Un peu à rebours de ce qu’on pourrait imaginer, Clarice Jensen livre un troisième album dans lequel elle opère aux côtés d’autres musiciens et vocalistes, alors que son disque précédent, publié au printemps 2020 la voyait agir toute seule, avec son violoncelle.
Contre-intuitif, ce nouveau disque l’est car il a été composé pendant les différents confinements, mais qu’il voit donc la New-Yorkaise être rejointe par plusieurs intervenants, qu’on entend, au reste, dès l’ouverture d’Esthesis avec ces quelques notes de piano jouées par Timothy Andres. Motivée par ces rencontres, Clarice Jensen retourne également à une palette plus large d’instruments, un peu comme sur son premier effort, et s’aventure alors dans des contrées plus ambient (les nappes et notes vaporeuses de Sadness). Quant à son violoncelle, c’est dans un registre souvent proche du drone qu’il se déploie, à l’image des plages de Disliking, habilement mises en contrepoint des déliés de piano.

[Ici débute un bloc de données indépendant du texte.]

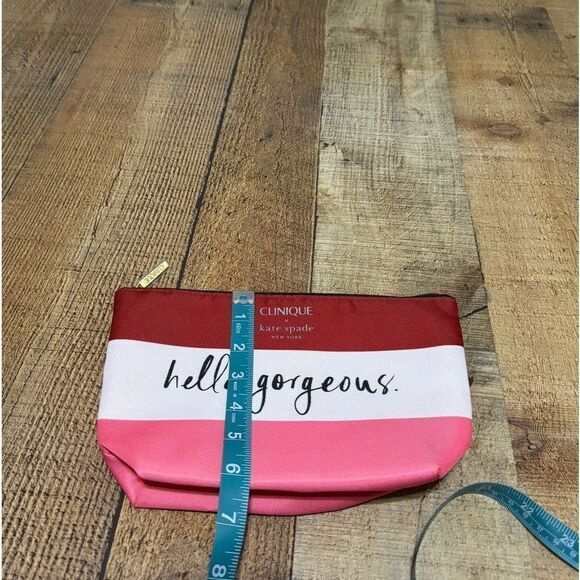 Clinique x Kate Spade Makeup Bag "Hello Gorgeous" Red White Pink New 2023 - Picture 4 of 6
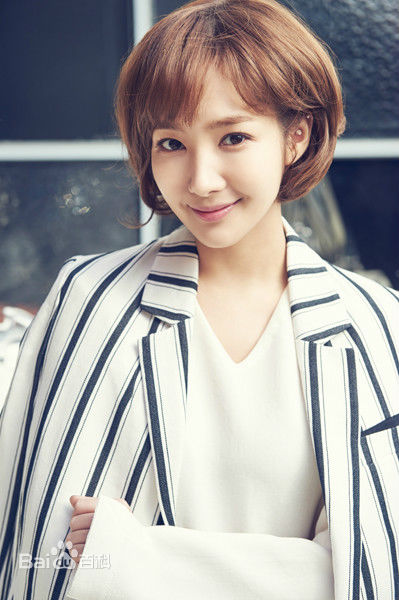 朴敏英(Park Min Young)新闻采访图片图册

Contre-intuitif, ce nouveau disque l’est encore lorsqu’il propose une piste nettement plus lumineuse, Joy tranchant avec les aplats plus opaques du reste de la quarantaine de minutes par la grâce du piano. Contre-intuitif, ce nouveau disque l’est enfin car il s’éloigne, tout bien considéré, du « disque de violoncelle » pour aller aussi fureter dans des recoins plus expérimentaux, tel le court Fear avec son mini-larsen et son absence d’instrument véritable, ou plus aérien du fait de l’orgue caressant de Love. À l’image de la pochette arc-en-ciel, c’est un large prisme (ou une large palette, au choix) dont témoigne cet Esthesis, qui place Clarice Jensen un peu à part, et un peu au-dessus, des autres musiciens associés à un instrument unique.